Inicialmente, os cientistas acreditavam que a causa do evento havia sido um terremoto. Mas depois descobriram que os tremores estavam relacionados a um "colapso glacial" (leia mais a seguir).
O director do Centro de Estudos de Desastres da Universidade Tribhuvan, no Nepal, Basanta Raj Adhikari, disse à BBC News que há risco de uma "segunda e terceira ondas" de inundações nesta quinta-feira (27 de Agosto) ou na sexta-feira (dia 28).
"Nós ainda não sabemos", afirmou, acrescentando que segue discutindo a situação com colegas na China. Segundo Adhikari, não há previsão de chuvas intensas, mas novos deslizamentos de terra podem acontecer. "Estamos a observar, mas não sabíamos que isso aconteceria num determinado dia."

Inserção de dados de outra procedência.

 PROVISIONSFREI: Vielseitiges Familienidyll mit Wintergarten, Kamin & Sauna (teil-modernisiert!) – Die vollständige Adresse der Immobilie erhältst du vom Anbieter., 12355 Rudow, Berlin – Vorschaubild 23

Adhikari afirmou ainda que os pesquisadores vêm monitorando os riscos associados às montanhas do Himalaia. "A mudança climática realmente está a acontecer."

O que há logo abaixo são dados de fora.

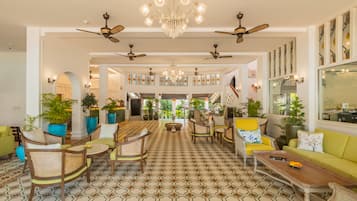 2 bars/lounges, swim-up bar, poolside bar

O Serviço Geológico dos Estados Unidos (USGS) inicialmente detectou um sismo, mais tarde avançou que o evento foi uma consequência de um grande deslocamento de gelo e detritos.

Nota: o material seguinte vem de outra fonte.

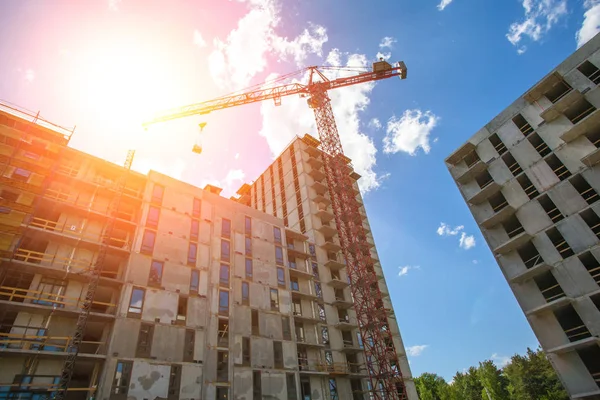 Kran Und Baustelle Vor Blauem Himmel — Stockfoto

Segundo o USGS, o evento sísmico provocado pelo colapso glacial foi equivalente à magnitude 5,2 e aconteceu perto da fronteira entre Nepal e China às 8h37 da manhã, no horário local.
Essa massa de gelo, pedras e detritos atingiu o rio Lhende Khola e teria bloqueado temporariamente o curso da água. Quando o bloqueio se rompeu, uma enorme onda de água, gelo, pedras e lama avançou rio abaixo.